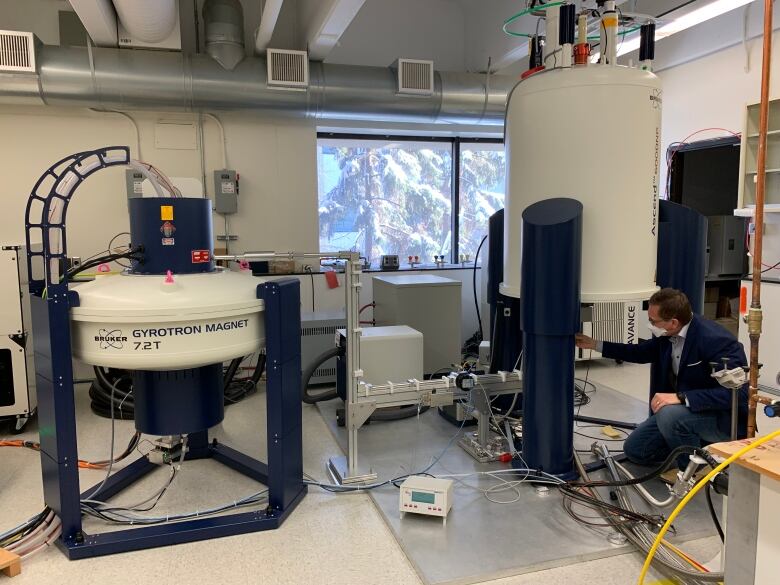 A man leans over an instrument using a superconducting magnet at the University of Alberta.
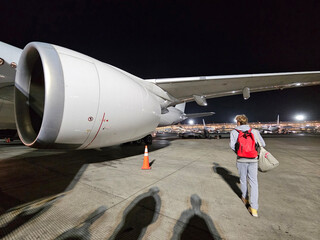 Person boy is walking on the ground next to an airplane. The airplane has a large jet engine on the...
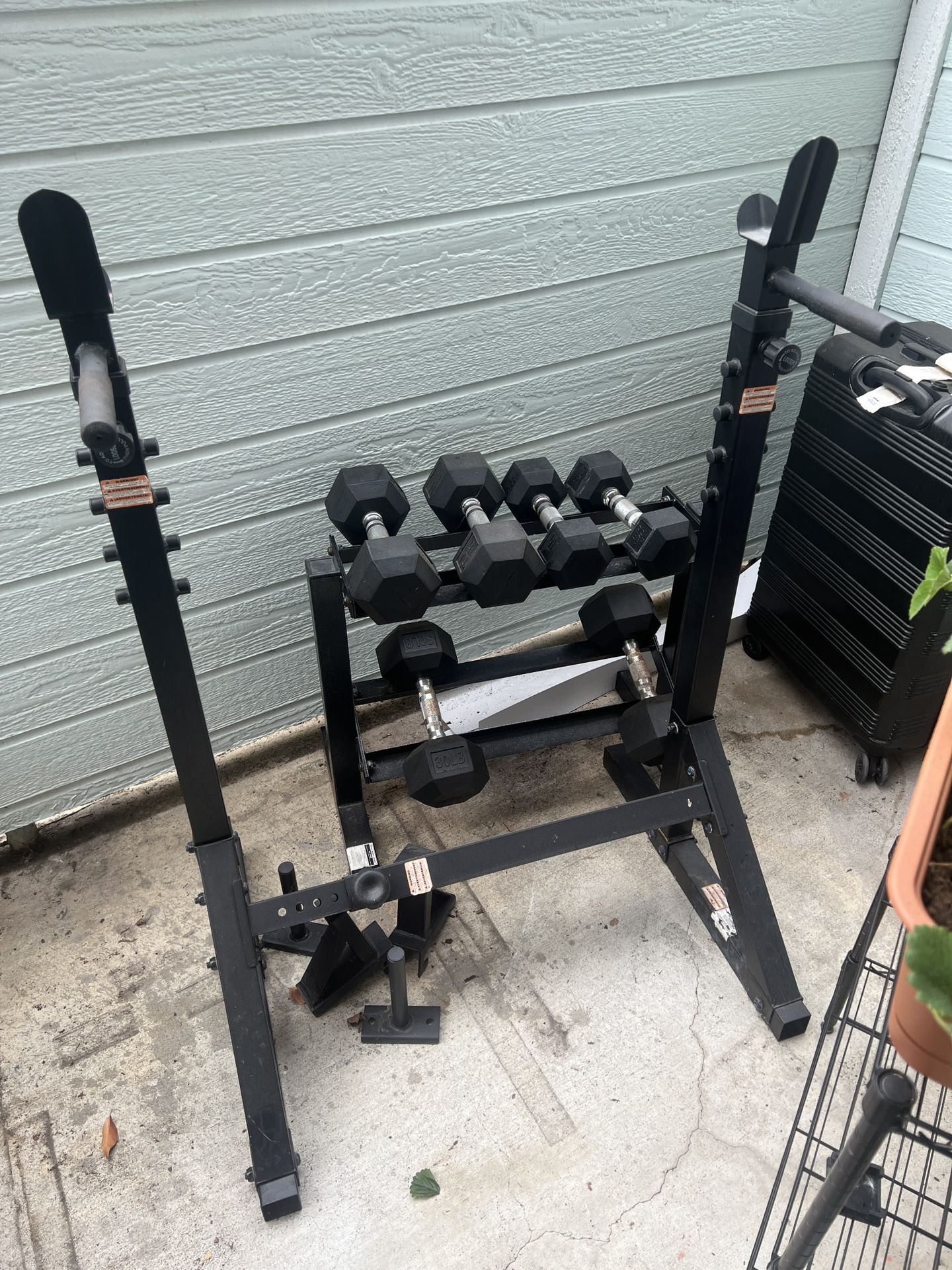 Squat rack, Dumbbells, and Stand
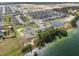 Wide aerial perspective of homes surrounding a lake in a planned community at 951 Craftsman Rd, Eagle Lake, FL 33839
========================================================================
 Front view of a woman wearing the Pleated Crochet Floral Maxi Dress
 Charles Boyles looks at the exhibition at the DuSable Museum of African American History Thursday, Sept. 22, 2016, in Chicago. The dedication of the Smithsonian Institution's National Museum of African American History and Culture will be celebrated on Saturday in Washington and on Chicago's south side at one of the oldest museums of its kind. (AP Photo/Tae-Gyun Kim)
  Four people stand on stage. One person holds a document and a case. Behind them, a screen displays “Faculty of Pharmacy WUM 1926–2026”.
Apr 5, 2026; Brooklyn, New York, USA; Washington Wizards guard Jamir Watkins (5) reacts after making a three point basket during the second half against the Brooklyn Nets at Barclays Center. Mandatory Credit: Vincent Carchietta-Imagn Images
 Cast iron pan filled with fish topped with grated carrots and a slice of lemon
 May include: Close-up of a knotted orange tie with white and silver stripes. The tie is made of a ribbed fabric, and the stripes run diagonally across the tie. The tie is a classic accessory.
========================================================================
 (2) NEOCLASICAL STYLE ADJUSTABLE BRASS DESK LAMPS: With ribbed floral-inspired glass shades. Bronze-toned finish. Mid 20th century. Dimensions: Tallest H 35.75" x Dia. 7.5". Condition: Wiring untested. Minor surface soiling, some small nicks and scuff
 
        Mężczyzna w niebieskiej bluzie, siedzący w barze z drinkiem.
========================================================================
### Directions
If a line in the records has the word "ribbed", copy that line.

### Answer for this exercise
 May include: Close-up of a knotted orange tie with white and silver stripes. The tie is made of a ribbed fabric, and the stripes run diagonally across the tie. The tie is a classic accessory.
 (2) NEOCLASICAL STYLE ADJUSTABLE BRASS DESK LAMPS: With ribbed floral-inspired glass shades. Bronze-toned finish. Mid 20th century. Dimensions: Tallest H 35.75" x Dia. 7.5". Condition: Wiring untested. Minor surface soiling, some small nicks and scuff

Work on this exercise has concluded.